About this exercise
Where a picture appears, leave it out, and print the rest of the records as they are.

Exercise inputs
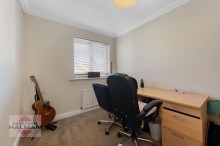 Images for Wolverton Drive, Wilmslow, SK9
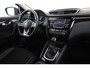 Nissan Qashqai 1.2 Acenta SJNFEAJ11U2155636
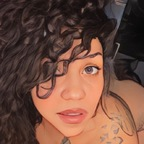 Download j_exotic69 OnlyFans content for free 

 profile picture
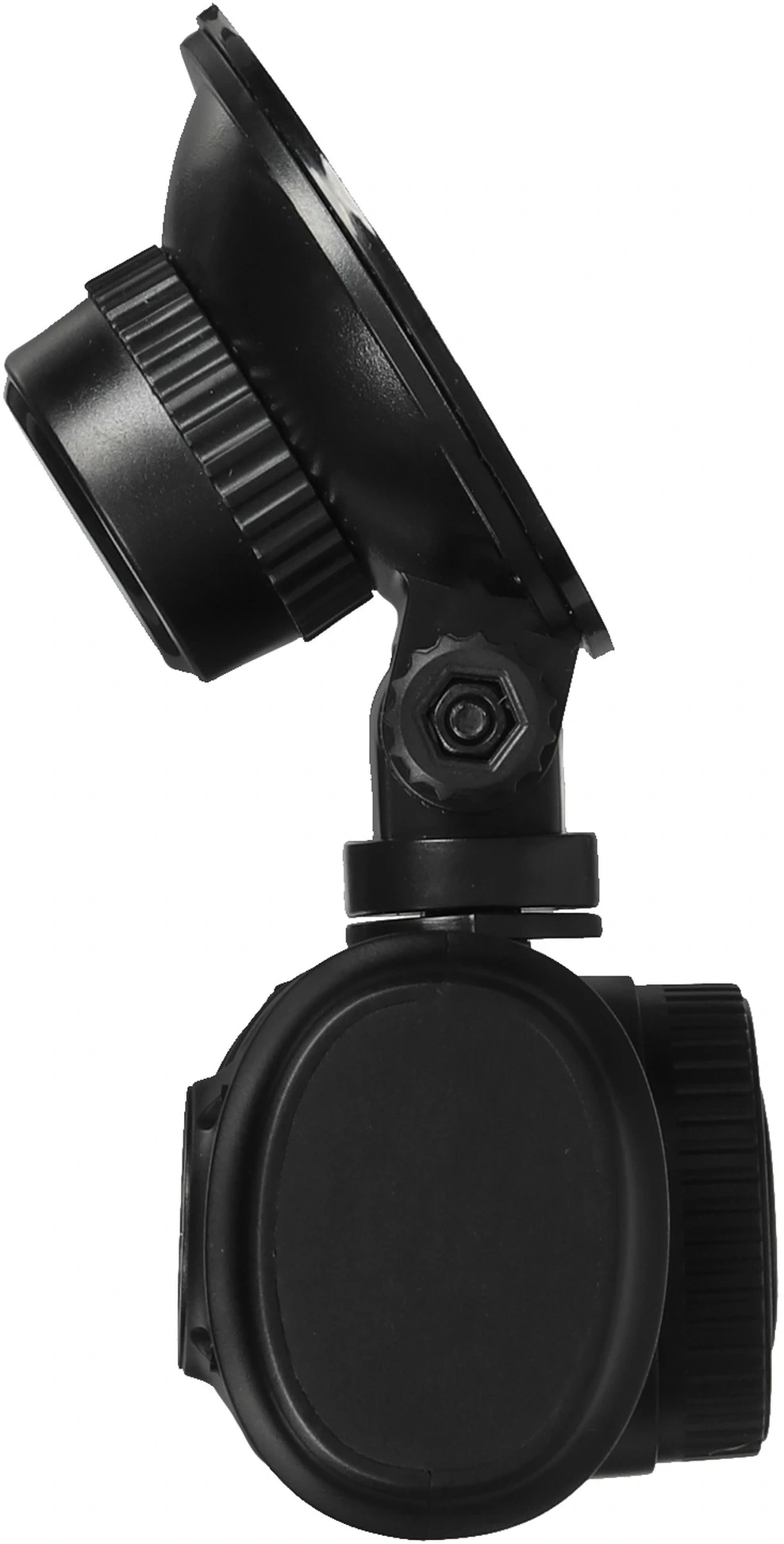 Видеорегистратор Sho-Me FHD-375 черный 1080x1920 1080p 150гр. GPS JL5212B+SC1243 — миниатюра 7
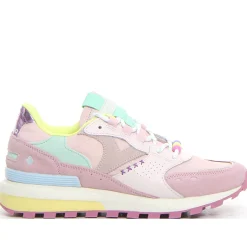 Donna VICTORIA Sneakers<Sneaker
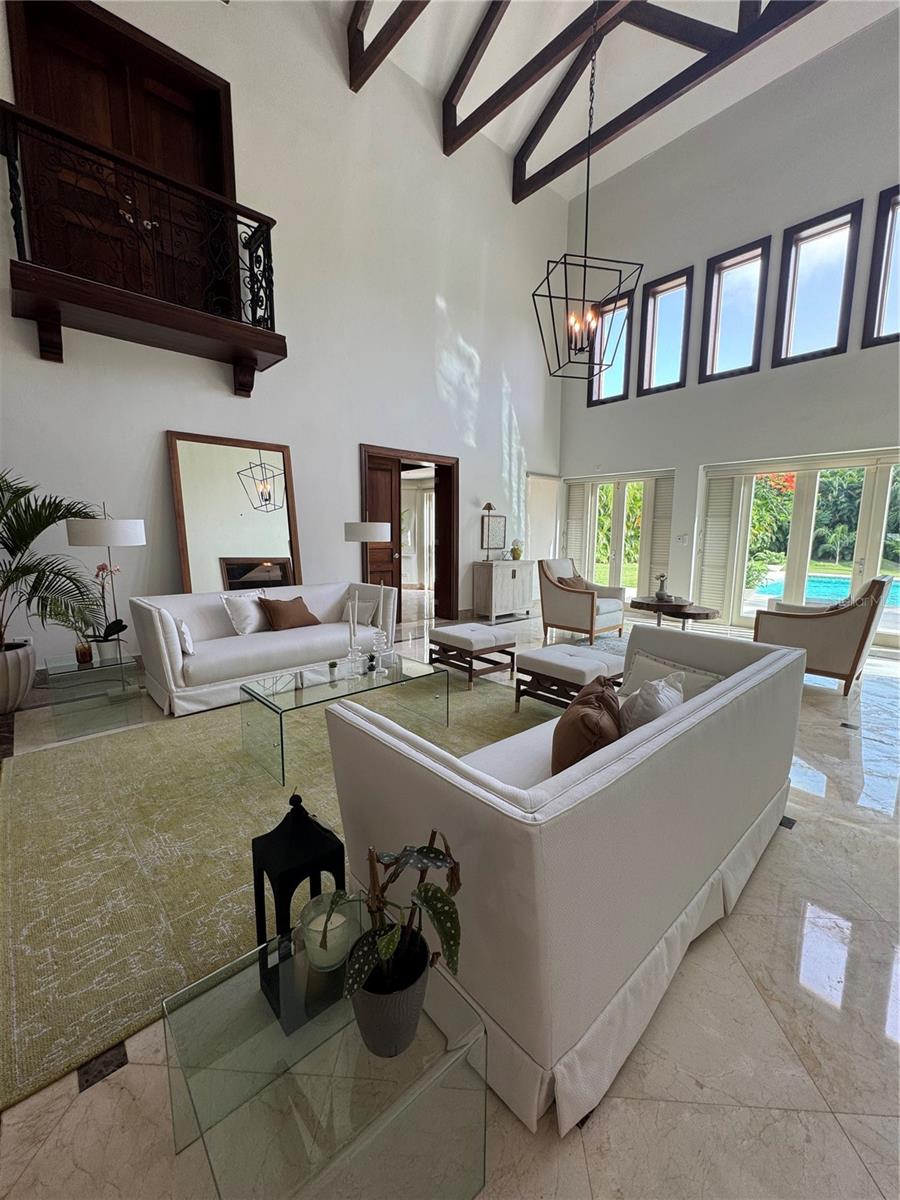 165 Dorado Beach East, PR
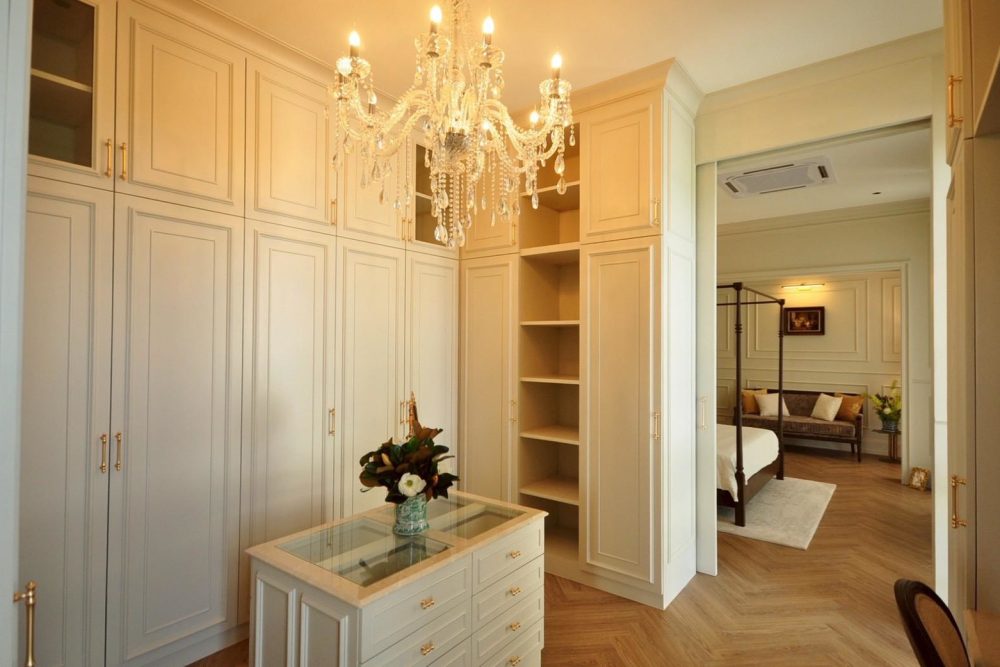 LINE_ALBUM_Akira B_251029_50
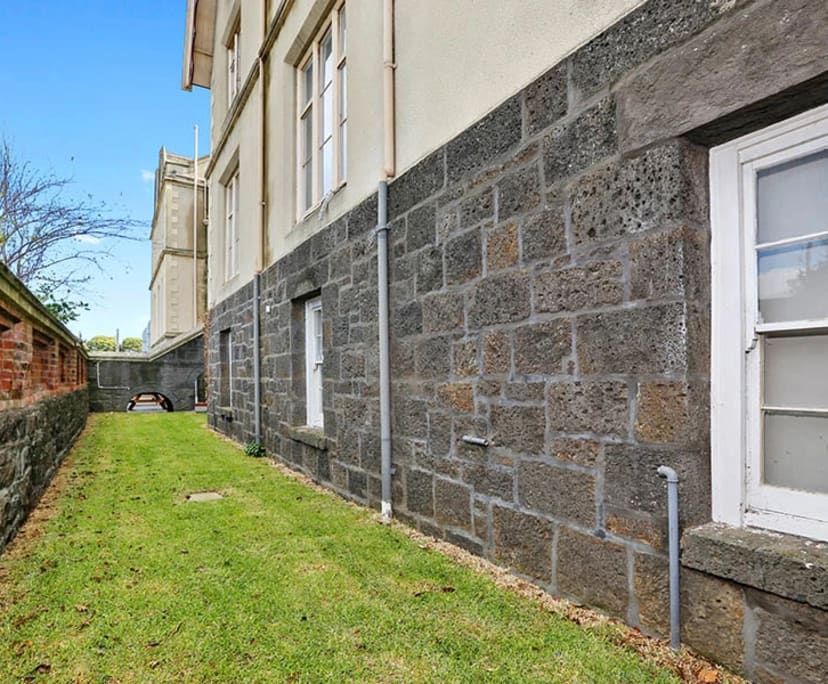 $285, Share-house, 6 bathrooms, Geelong VIC 3220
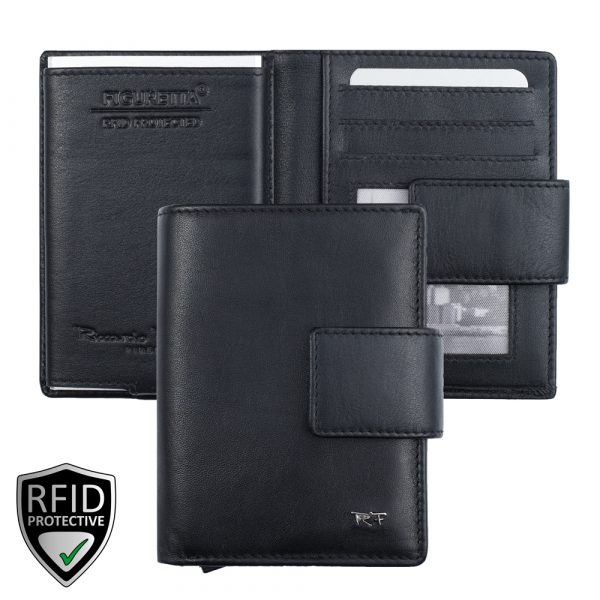 Riccardo Ferducci_023900 007_Cardprotector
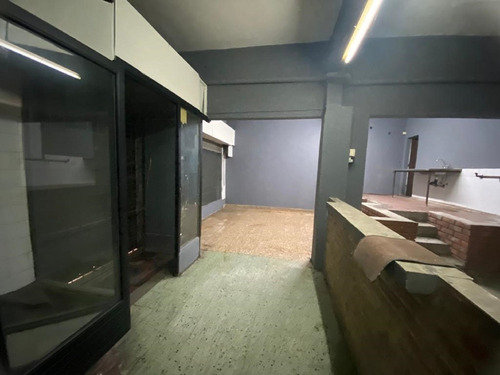 Imagen 15 de 27 de Local + 3 Departamentos Venta Villa Ballester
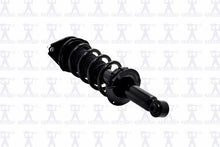 Load image into Gallery viewer, 1355029 Rear Suspension Strut and Coil Spring Assembly FCS Shocks &amp; Struts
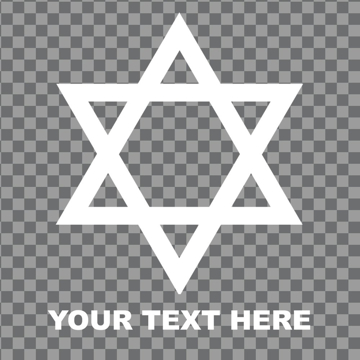 Show details for Religious Window Clings 12735584 Picture of Religious Window Clings 12735584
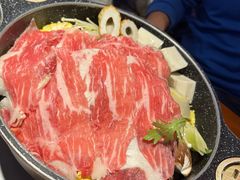 -有喜屋·烧鸟·居酒屋(周浦万达店)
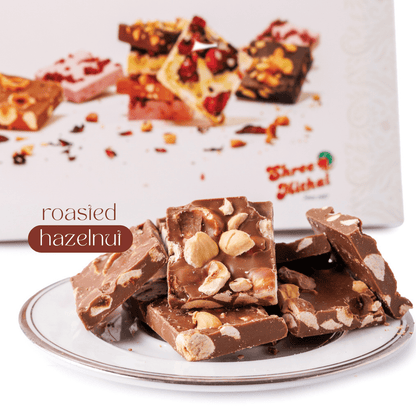 https://cdn.shopify.com/s/files/1/1857/6931/files/chocolate-gourmet-box-1135444.png?v=1762169016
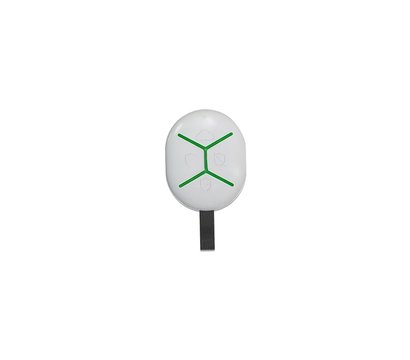 Изображение 8 Комплект сигнализации U-Prox MPX G KF kit White + VIA Energy Mini UPS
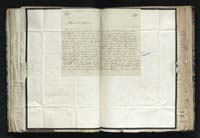 1_335_0_0_291.8_0166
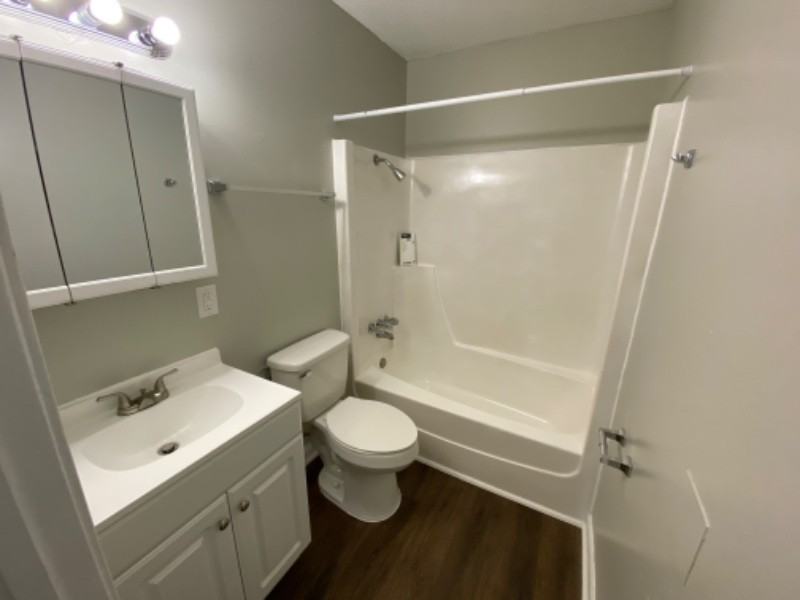 103 Mckellar Hill #A - Photo 3 of 10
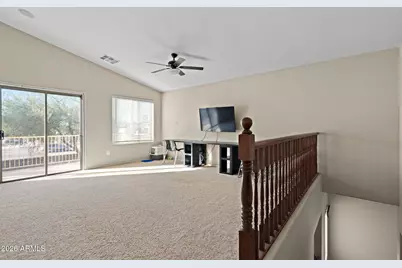 1811 N Mandeville Lane, Casa Grande, AZ 85122 - Photo 18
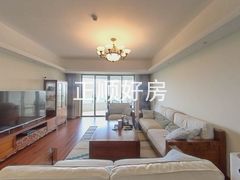 客厅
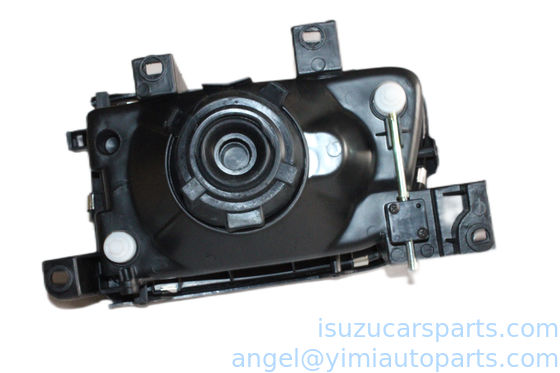 ISUZU UCR2003 Лампа ASM голова R 8972130071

Written solution
 Images for Wolverton Drive, Wilmslow, SK9
 Nissan Qashqai 1.2 Acenta SJNFEAJ11U2155636
 Download j_exotic69 OnlyFans content for free 

 profile picture
 Видеорегистратор Sho-Me FHD-375 черный 1080x1920 1080p 150гр. GPS JL5212B+SC1243 — миниатюра 7
 Donna VICTORIA Sneakers<Sneaker
 165 Dorado Beach East, PR
 LINE_ALBUM_Akira B_251029_50
 $285, Share-house, 6 bathrooms, Geelong VIC 3220
 Riccardo Ferducci_023900 007_Cardprotector
 Imagen 15 de 27 de Local + 3 Departamentos Venta Villa Ballester
 Load image into Gallery viewer, 1355029 Rear Suspension Strut and Coil Spring Assembly FCS Shocks &amp; Struts
 Show details for Religious Window Clings 12735584 Picture of Religious Window Clings 12735584
 -有喜屋·烧鸟·居酒屋(周浦万达店)
 https://cdn.shopify.com/s/files/1/1857/6931/files/chocolate-gourmet-box-1135444.png?v=1762169016
 Изображение 8 Комплект сигнализации U-Prox MPX G KF kit White + VIA Energy Mini UPS
 1_335_0_0_291.8_0166
 103 Mckellar Hill #A - Photo 3 of 10
 1811 N Mandeville Lane, Casa Grande, AZ 85122 - Photo 18
 客厅
 ISUZU UCR2003 Лампа ASM голова R 8972130071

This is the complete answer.